- **Exercise details**: You are asked to repeat the listing word for word and to leave out its pictures.

- **Data segment**:
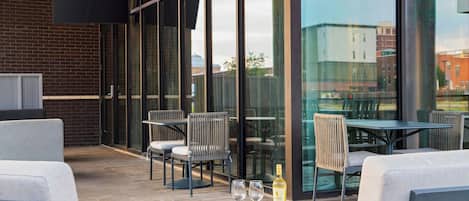 An outdoor seating area with tables and chairs, a wooden board with food, and a bottle of wine.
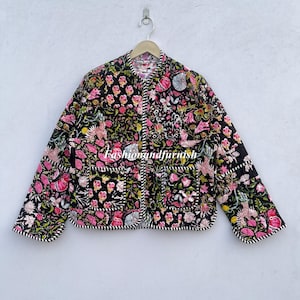 Puede incluir: Chaqueta acolchada negra con un estampado floral en rosa, verde y blanco. La chaqueta tiene cuello redondo, mangas largas y dos bolsillos delanteros. Los bordes están adornados con un patrón de rayas blancas y negras. El texto "fashionandfurnish" es visible.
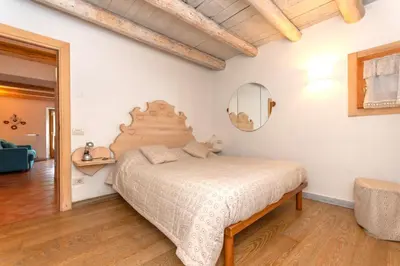 a bedroom with a bed and a mirror at Casa Alessandra in Falcade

- **Reply**:
 An outdoor seating area with tables and chairs, a wooden board with food, and a bottle of wine.
 Puede incluir: Chaqueta acolchada negra con un estampado floral en rosa, verde y blanco. La chaqueta tiene cuello redondo, mangas largas y dos bolsillos delanteros. Los bordes están adornados con un patrón de rayas blancas y negras. El texto "fashionandfurnish" es visible.
 a bedroom with a bed and a mirror at Casa Alessandra in Falcade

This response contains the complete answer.